### Recorded data
:::::
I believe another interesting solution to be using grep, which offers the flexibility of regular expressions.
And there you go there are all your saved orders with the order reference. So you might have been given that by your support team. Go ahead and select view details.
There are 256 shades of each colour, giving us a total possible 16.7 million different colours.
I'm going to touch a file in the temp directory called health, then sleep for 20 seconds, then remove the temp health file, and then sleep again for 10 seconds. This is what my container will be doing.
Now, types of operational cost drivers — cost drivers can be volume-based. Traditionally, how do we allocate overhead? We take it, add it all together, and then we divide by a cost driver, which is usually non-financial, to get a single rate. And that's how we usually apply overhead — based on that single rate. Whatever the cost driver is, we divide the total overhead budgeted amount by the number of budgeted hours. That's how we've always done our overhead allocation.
:::::
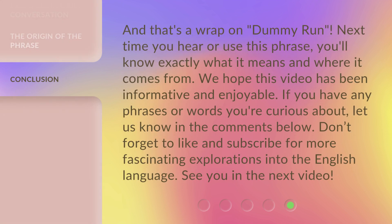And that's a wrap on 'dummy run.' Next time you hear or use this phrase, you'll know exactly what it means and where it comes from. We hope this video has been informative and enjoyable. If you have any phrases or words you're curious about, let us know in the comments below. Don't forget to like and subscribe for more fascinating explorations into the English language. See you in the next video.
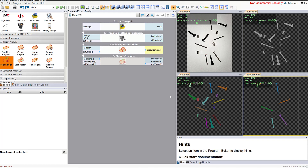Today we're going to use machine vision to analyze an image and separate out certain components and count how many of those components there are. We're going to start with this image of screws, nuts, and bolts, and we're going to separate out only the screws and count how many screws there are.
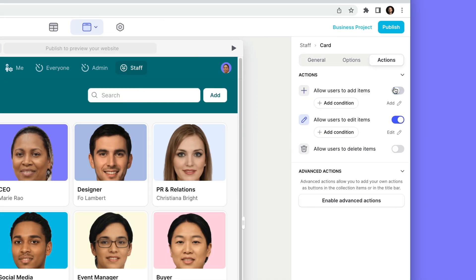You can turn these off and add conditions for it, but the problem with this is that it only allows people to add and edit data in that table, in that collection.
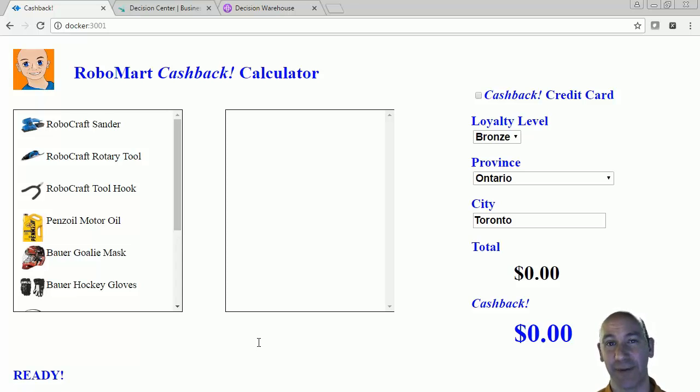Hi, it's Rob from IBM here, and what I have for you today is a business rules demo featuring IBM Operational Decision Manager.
:::::
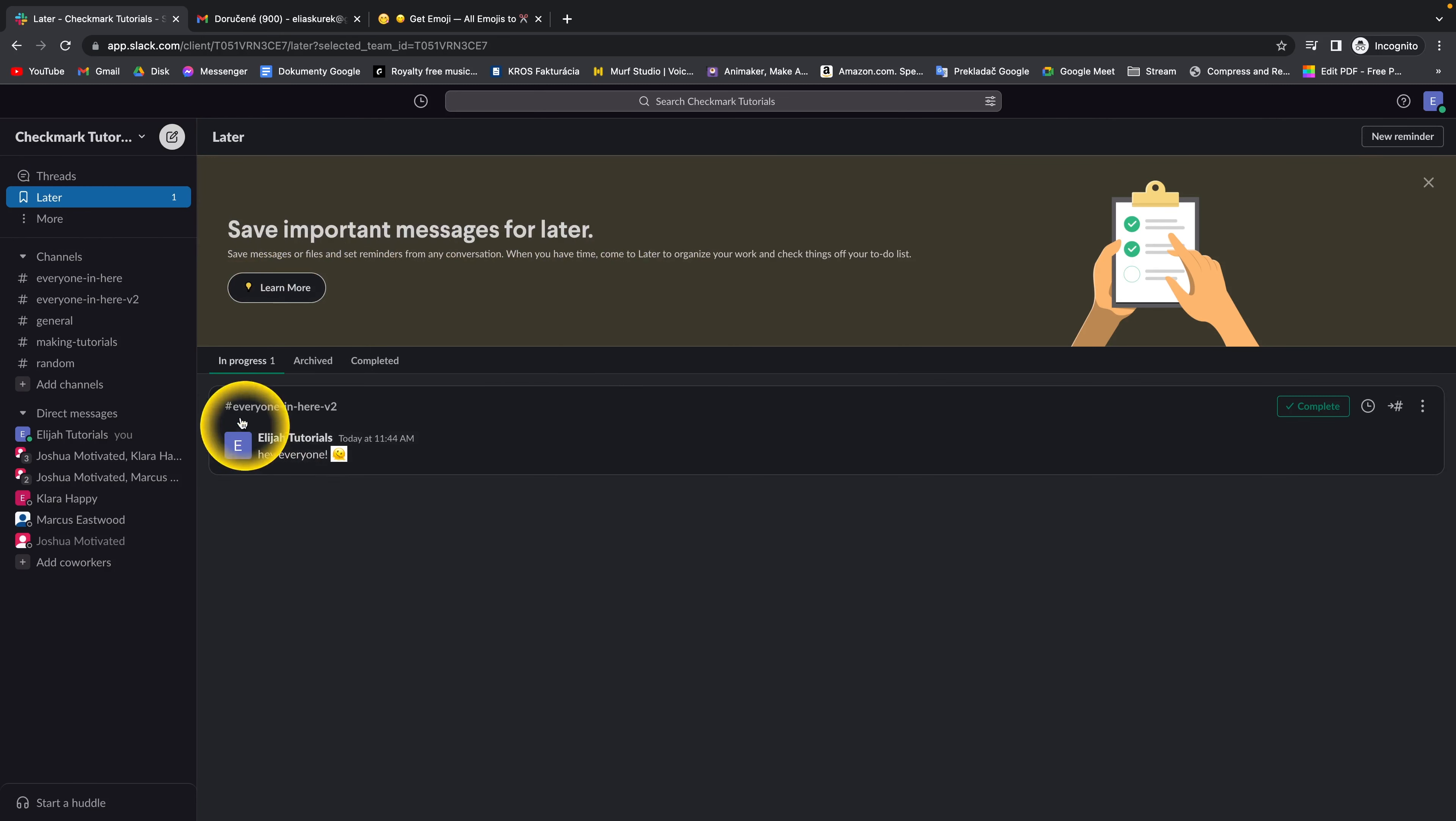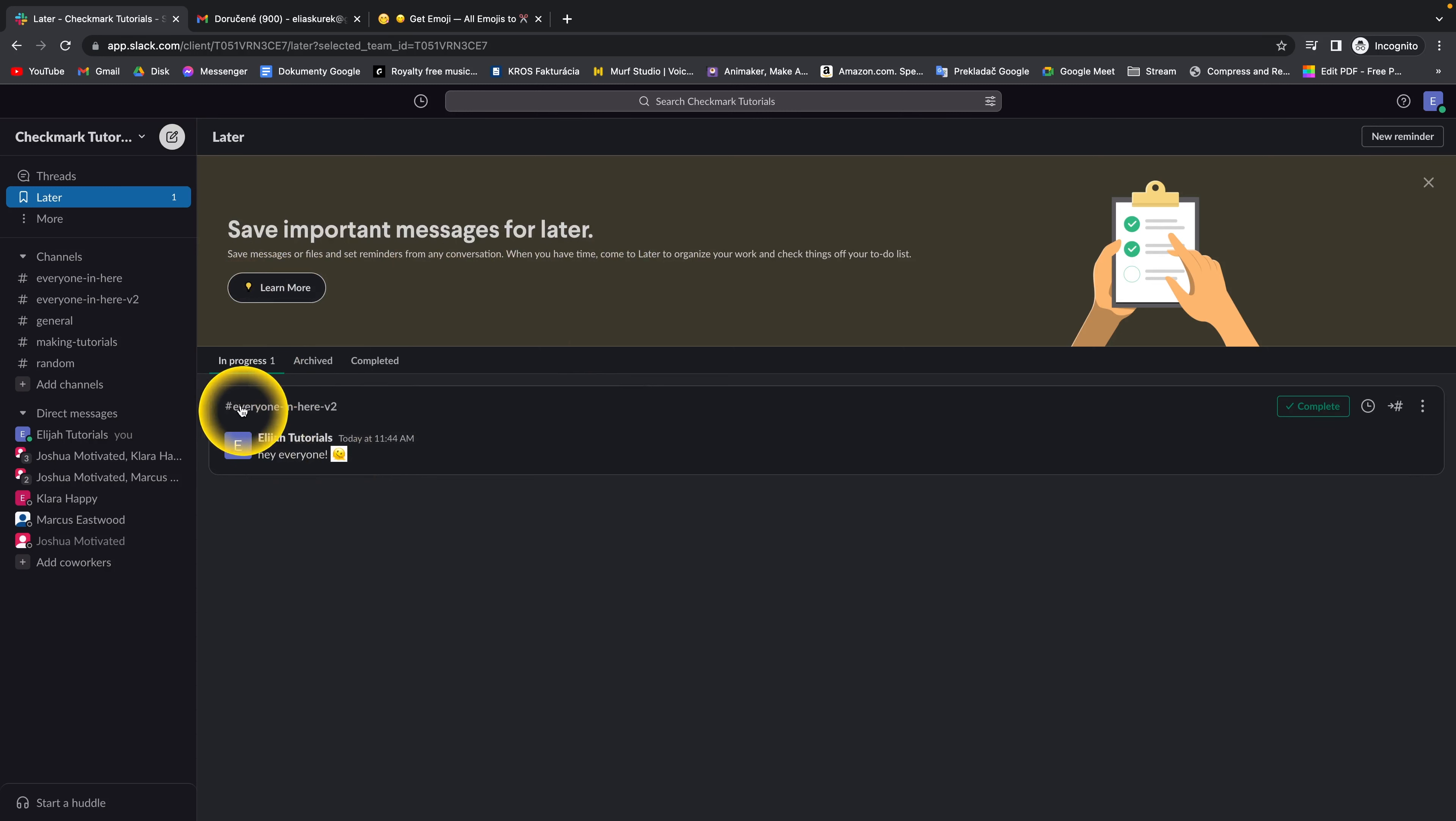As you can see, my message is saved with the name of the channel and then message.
:::::
### Task goal
Find where the line with "Today we're going" sits in the material above and where the line with "Hi, it's Rob" sits. Set down exactly the lines from the first to the second, both included and nothing else, without pictures.

### Result of the exercise
Today we're going to use machine vision to analyze an image and separate out certain components and count how many of those components there are. We're going to start with this image of screws, nuts, and bolts, and we're going to separate out only the screws and count how many screws there are.
You can turn these off and add conditions for it, but the problem with this is that it only allows people to add and edit data in that table, in that collection.
Hi, it's Rob from IBM here, and what I have for you today is a business rules demo featuring IBM Operational Decision Manager.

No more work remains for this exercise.